TASK TO CARRY OUT >> For every line in the material, output its text exactly and exclude any image it holds.

COLLECTED DATA >>
↓

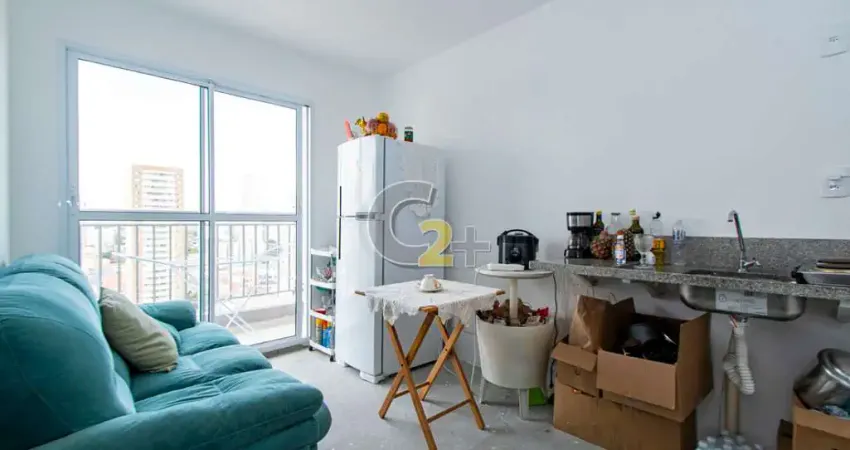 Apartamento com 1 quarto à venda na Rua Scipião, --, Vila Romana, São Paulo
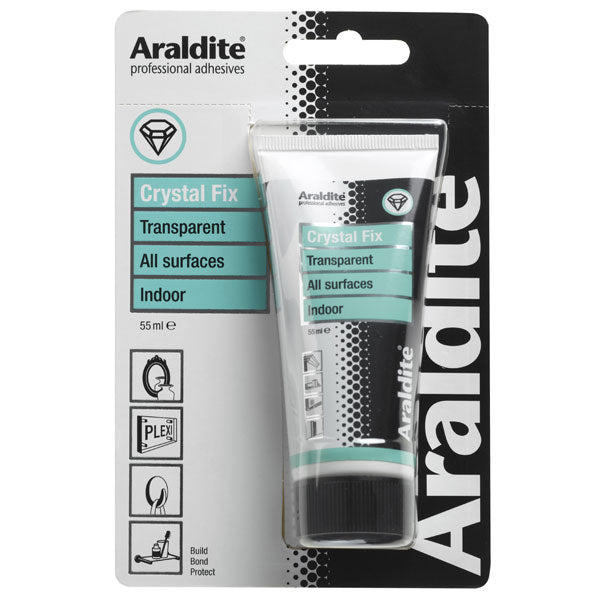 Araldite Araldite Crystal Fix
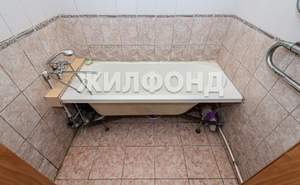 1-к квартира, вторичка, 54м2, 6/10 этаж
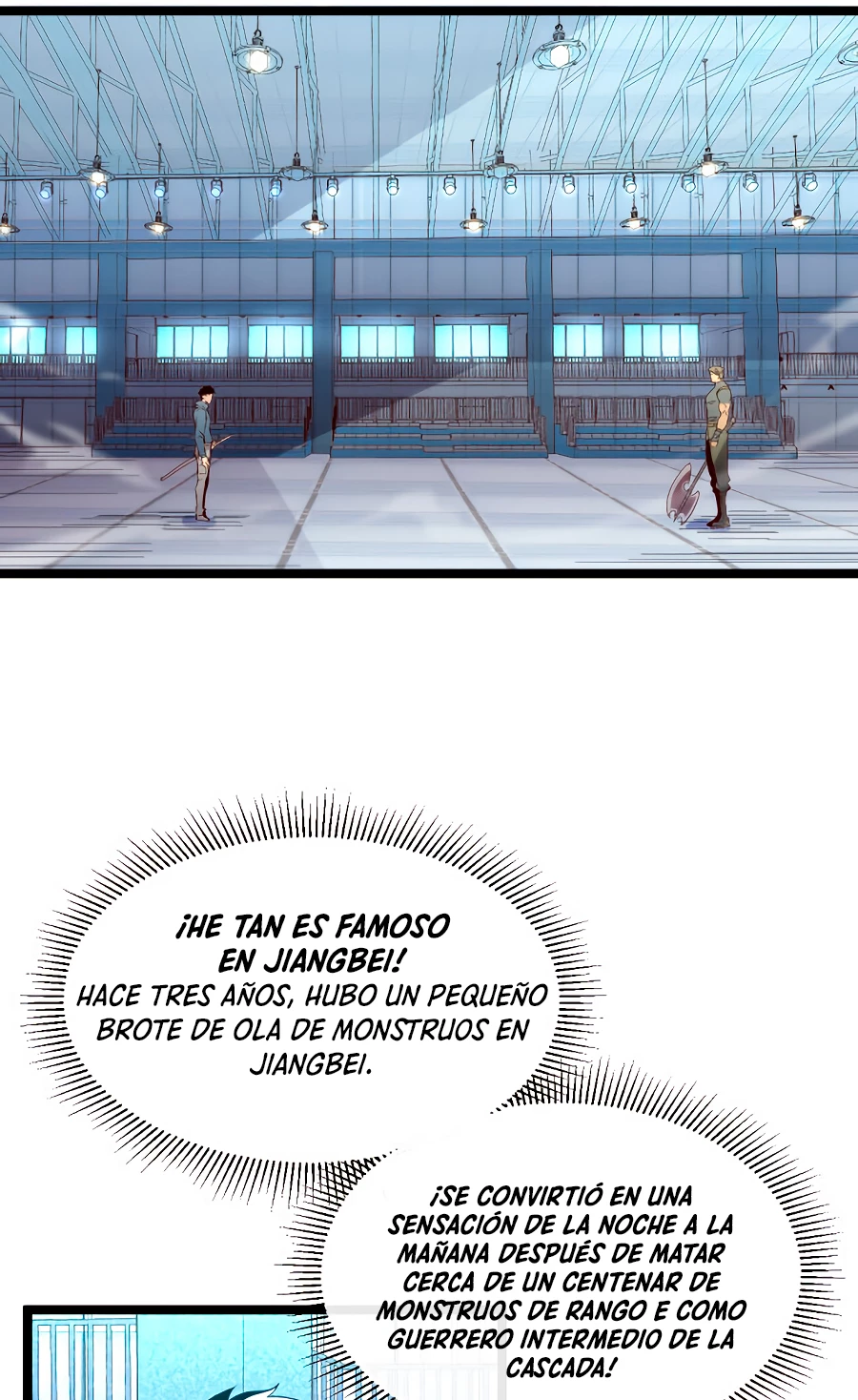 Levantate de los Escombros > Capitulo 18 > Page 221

↑

RESPONSE >>
 Apartamento com 1 quarto à venda na Rua Scipião, --, Vila Romana, São Paulo
 Araldite Araldite Crystal Fix
 1-к квартира, вторичка, 54м2, 6/10 этаж
 Levantate de los Escombros > Capitulo 18 > Page 221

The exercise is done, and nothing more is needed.